Принадлежал ли Булгаков к «внутренней эмиграции» или нет, но жил он в России, и для него, как и для других советских граждан, сотрудничество в берлинской газете имело совсем иной смысл, чем для эмигрантов. Для А. Н. Толстого печатание в «Накануне» открывало путь в Москву, для Булгакова это была возможность публиковаться за границей, т. е. не в таких узких рамках, какими уже тогда была ограничена советская печать. Отличие советских «нонконформистов» от заграничных сменовеховцев очень ясно выражено в статье писателя и этнографа Тана-Богораза в «России» — московском журнале (вскоре закрытом), где печаталась «Белая гвардия» Булгакова.
И нас называют российскими сменовеховцами, в том числе и меня. Но в том-то и дело, что мы российские, а не заграничные… — писал Тан. — Мы и заграничные меняли по-разному вехи… Оттого их сменовеховство — сладкое, как сахар. Наше — горькое, как полынь…
Советская ориентация! — Конечно, какая же иная?..

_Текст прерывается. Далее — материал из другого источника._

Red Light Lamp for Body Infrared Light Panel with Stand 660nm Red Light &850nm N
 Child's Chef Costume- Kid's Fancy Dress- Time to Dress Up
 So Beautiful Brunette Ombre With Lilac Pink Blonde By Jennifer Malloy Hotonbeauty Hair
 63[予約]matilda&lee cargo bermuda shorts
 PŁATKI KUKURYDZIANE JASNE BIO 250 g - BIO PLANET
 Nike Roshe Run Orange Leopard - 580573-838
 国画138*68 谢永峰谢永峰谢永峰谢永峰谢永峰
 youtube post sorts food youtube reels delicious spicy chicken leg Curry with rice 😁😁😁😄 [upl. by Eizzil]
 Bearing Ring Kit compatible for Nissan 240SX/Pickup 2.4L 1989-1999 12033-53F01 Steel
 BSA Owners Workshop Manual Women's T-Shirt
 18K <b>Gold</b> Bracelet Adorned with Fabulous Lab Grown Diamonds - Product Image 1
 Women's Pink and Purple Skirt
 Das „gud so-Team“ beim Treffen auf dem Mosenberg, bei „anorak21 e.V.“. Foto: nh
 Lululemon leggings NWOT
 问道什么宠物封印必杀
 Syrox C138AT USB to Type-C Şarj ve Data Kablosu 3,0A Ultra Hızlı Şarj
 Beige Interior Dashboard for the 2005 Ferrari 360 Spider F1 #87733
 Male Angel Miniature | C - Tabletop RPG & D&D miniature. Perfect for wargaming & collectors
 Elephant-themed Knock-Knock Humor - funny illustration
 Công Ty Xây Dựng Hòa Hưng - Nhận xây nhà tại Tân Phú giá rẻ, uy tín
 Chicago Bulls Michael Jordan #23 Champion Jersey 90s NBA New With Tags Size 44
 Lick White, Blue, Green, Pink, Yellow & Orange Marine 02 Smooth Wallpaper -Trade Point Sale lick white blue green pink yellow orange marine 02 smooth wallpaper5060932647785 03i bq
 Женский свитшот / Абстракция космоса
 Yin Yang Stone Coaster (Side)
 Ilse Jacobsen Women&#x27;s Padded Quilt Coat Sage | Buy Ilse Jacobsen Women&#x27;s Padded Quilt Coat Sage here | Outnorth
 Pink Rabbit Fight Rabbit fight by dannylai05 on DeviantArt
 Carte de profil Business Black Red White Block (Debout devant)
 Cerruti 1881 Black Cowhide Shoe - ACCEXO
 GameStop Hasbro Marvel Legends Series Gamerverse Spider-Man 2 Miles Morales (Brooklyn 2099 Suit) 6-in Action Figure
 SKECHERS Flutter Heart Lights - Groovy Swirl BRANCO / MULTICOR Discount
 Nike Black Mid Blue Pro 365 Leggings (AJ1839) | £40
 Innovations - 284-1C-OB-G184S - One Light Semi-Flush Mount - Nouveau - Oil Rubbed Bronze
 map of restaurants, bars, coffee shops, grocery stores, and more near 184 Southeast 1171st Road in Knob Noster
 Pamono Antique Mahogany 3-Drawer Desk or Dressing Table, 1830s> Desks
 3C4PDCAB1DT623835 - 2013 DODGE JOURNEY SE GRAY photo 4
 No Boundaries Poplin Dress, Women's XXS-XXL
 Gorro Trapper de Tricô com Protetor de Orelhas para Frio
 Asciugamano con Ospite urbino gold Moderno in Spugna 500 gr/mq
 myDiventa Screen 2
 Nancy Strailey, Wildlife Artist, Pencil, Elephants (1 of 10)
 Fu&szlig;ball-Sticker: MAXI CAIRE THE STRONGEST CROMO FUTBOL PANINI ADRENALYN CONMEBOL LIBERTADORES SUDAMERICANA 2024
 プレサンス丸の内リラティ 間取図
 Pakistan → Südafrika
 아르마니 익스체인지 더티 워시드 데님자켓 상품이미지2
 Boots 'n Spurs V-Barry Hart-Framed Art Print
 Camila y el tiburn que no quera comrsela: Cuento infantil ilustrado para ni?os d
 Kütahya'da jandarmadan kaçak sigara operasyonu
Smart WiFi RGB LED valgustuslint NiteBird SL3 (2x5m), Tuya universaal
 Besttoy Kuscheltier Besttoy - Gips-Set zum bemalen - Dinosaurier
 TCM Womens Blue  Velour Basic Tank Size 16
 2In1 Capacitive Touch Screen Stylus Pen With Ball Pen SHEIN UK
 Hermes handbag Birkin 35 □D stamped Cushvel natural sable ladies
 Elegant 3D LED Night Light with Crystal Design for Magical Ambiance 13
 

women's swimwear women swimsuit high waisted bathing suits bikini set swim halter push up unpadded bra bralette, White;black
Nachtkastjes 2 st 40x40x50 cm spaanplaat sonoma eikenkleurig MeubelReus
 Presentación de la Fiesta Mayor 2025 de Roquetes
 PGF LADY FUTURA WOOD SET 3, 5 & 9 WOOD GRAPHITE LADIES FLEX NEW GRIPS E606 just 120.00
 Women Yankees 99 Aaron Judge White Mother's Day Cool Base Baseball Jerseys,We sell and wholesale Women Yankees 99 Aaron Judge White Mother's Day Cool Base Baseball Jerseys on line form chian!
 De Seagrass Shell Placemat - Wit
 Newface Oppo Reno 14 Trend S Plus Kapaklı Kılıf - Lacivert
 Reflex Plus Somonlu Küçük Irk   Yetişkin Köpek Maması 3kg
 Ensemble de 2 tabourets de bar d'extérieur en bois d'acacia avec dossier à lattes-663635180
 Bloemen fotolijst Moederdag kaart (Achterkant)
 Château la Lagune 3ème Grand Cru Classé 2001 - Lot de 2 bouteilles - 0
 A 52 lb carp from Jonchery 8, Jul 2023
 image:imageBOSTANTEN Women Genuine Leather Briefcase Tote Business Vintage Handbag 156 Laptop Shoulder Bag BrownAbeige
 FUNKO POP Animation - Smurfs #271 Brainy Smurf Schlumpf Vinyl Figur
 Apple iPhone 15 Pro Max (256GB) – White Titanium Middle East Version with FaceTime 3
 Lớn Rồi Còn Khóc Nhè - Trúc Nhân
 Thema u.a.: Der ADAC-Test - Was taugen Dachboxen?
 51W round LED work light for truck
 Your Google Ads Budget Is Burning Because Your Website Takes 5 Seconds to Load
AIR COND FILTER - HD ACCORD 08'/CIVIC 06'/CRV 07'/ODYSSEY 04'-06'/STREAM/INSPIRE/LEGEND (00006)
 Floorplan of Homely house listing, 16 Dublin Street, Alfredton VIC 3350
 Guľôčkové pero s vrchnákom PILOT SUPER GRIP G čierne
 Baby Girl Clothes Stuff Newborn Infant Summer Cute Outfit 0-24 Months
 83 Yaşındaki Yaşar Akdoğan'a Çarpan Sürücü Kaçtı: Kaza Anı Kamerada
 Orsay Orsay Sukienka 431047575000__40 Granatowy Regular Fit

Но дальше начинается томный вздыхающий минор… Отречемся… не от старого мира, — отречемся от всех притязаний на власть. Что за чертовщина! Кто притязает на власть?..
Отречемся… отречемся от всяких притязаний на свободу! Временно, конечно, отречемся (все в нашей жизни временно)… Что ж, я готов и отречься, готов подчиниться всякому лишению свободы… Но не скрою, — особого энтузиазма во мне этот отказ не возбуждает. Покориться я готов, а проповедовать не буду…
Власти советской служите. Мы ей тоже служим… Но одно дело служить, а другое прислуживаться… [99]
Биография М. Булгакова не походила на биографию Тана-Богораза, но отношение их к заграничным сменовеховцам было сходным. Призывы принять «советскую ориентацию» вообще не имели смысла для советских граждан. Проблема признания советской власти могла существовать для эмигрантов— признать советскую власть означало для них получить советский паспорт, вернуться в СССР. Но что значили эти слова для советских интеллигентов? На власть они не притязали, жили в Советской России, печатались— по мере возможности— в советских изданиях, и как они, собственно, могли признавать или не признавать существующий режим? Признавал или не признавал Чехов режим Александра III? Он жил под ним. Ироническое отношение к «товарищам берлинцам» ощущается во всех очерках Булгакова в «Накануне».